No puede olvidarse tampoco la antiquísima tradición de recopilar oraciones de contenido sapiencial o visionario, extractadas de obras mayores. Algunos de los que hoy consideramos grandes cultivadores del género jamás escribieron como tal un libro de aforismos, por muy sentenciosos que fueran sus ensayos, poemas o novelas: alguien cribó su obra. A veces, incluso, lo hicieron ellos mismos. Esta recurrente circunstancia convierte a la aforística en un laboratorio fascinante sobre los conflictos existentes entre la literatura y el libro como institución. Lejos de constituir obras acabadas, muchos volúmenes de aforismos son artificios editoriales o filológicos construidos a partir de una masa ingente de fragmentos no articulados, que dialogan entre sí y generan concomitancias, pero cuya estructura no fue preconcebida. Su realidad es como la de un cuerpo construido a base de amputaciones, trasplantes, injertos, un cuerpo en proceso de composición o descomposición, constantemente reestructurado.

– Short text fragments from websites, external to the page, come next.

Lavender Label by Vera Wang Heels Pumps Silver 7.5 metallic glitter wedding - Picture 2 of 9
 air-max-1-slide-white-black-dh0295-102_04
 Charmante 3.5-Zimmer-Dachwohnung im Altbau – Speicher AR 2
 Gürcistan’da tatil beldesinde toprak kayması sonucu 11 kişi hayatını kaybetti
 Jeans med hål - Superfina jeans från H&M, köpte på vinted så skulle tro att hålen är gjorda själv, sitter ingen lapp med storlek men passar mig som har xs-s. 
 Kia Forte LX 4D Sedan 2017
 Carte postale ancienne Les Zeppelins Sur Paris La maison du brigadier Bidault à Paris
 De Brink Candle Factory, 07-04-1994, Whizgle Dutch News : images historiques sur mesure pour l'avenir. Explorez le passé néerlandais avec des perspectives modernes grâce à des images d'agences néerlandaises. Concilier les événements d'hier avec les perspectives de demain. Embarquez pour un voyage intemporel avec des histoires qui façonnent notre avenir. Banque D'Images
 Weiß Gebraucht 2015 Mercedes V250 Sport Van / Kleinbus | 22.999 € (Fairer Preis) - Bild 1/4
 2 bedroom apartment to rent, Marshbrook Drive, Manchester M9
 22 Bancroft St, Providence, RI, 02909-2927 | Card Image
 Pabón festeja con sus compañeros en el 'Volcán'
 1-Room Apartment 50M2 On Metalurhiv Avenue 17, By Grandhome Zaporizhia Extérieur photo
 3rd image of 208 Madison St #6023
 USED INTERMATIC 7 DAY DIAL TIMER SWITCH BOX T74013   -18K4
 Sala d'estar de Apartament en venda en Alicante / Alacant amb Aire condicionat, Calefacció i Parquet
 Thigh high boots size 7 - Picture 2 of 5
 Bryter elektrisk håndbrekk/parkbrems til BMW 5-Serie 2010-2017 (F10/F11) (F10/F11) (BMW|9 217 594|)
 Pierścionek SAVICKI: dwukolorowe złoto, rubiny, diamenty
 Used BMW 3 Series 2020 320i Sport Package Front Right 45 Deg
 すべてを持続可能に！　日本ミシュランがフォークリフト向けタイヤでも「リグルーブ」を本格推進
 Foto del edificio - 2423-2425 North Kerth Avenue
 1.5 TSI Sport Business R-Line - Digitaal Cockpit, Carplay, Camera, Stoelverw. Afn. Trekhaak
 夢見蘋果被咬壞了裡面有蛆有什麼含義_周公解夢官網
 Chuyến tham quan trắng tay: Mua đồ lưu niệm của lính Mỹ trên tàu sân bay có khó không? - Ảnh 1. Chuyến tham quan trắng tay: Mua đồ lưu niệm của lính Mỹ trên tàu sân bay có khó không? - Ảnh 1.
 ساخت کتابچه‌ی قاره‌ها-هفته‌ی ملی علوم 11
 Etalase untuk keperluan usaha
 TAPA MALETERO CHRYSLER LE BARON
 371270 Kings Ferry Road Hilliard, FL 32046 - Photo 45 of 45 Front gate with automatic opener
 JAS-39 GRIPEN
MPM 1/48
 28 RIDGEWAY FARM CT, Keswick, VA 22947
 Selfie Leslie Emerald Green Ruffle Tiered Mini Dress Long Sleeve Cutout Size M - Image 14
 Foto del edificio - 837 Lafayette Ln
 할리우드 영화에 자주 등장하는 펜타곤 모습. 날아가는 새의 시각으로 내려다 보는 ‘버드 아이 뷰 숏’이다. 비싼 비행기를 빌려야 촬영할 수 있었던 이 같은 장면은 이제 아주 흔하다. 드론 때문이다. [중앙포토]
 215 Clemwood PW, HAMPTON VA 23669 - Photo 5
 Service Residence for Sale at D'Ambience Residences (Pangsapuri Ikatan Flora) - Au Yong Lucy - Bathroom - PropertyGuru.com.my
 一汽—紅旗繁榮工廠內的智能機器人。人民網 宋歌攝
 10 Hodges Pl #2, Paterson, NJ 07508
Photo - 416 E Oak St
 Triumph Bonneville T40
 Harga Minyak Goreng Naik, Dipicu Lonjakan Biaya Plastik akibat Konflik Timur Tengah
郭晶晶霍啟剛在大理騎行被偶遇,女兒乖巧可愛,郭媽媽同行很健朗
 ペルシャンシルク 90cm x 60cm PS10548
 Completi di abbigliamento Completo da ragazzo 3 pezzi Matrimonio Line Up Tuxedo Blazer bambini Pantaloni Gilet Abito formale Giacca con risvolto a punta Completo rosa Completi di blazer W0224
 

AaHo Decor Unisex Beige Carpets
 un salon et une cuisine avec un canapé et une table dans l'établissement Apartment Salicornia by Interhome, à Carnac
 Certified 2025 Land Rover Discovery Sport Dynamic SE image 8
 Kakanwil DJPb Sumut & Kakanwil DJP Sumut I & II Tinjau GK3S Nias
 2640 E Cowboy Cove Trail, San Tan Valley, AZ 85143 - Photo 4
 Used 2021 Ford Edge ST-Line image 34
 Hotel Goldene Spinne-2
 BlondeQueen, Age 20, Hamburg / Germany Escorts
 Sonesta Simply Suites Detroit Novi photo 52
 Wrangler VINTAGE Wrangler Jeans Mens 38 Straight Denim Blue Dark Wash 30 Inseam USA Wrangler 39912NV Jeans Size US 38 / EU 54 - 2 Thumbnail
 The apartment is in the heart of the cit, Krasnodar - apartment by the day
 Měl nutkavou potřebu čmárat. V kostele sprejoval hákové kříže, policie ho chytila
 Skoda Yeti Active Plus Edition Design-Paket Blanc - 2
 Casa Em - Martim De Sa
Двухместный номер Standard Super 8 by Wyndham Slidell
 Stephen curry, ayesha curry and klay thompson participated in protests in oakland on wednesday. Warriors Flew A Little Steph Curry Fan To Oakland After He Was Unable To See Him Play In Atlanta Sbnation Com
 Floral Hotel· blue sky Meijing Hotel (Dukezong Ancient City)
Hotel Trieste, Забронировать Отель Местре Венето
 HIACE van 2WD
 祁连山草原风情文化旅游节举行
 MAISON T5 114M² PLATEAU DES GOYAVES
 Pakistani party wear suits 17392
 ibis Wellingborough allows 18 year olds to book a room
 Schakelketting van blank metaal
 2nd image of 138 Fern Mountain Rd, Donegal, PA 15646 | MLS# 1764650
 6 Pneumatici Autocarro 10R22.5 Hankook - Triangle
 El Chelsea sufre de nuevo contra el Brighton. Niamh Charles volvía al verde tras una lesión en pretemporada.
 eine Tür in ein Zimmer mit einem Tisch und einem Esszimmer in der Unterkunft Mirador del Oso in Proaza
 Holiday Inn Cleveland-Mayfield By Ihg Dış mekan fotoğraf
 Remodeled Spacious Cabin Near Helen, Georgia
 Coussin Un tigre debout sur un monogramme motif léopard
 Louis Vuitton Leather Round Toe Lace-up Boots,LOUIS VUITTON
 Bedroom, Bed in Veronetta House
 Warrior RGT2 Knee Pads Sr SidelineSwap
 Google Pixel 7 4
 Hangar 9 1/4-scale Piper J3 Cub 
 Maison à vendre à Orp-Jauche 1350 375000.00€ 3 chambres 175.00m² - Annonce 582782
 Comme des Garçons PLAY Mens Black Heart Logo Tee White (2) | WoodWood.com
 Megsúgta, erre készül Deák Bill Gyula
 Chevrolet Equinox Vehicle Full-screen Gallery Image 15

Atendiendo a esta idiosincrasia, podría decirse que muchos libros de aforismos son una obra de arte con su excedente. Un excedente que, en otro tipo de textos, permanece subterráneo, percibiéndose tan solo como pista de lo borrado. «Cuando en arte, tengáis duda de si una versión es mejor que otra —escribe Juan Ramón Jiménez—, no perdáis tiempo en discutíroslas; dejad las dos» (1990: 147). En consonancia con esta idea, las variantes que en una criba escrupulosa podrían haber sido eliminadas se exhiben a menudo como parte del libro. Ofrecen al lector una obra pero también las infinitas posibilidades de la misma, su íntima proliferancia. «Un aforismo —escribe Bergamín— no es breve: es inconmensurable» (88).

Final y principio: sobre este monográfico

Establecidas las coordenadas genéricas, ¿puede hablarse de una aforística española del siglo xx? ¿Cuáles serían sus representantes y características? Aspirando a responder estas preguntas, el presente monográfico se abre con el estudio de un insigne precedente hispánico del género: Gracián. A dicho artículo le siguen dos panoramas del aforismo español de la primera y segunda mitad del siglo xx, a los que vienen a sumarse varios análisis específicos de Juan Ramón Jiménez, Ramón Gómez de la Serna, Vicente Núñez y Carlos Pujol. Un último artículo complementa los anteriores trabajos ofreciendo una visión de contraste con la tradición mejicana. Como apéndice, se presenta una antología de quince poéticas del aforismo español actual.

Estas páginas son también un homenaje a Nigel Dennis, inmenso conocedor de la literatura española que aceptó participar en el presente monográfico con un nuevo ensayo sobre los aforismos de José Bergamín. Un ensayo que desgraciadamente nunca pudo terminar. Sea la tierra leve con él.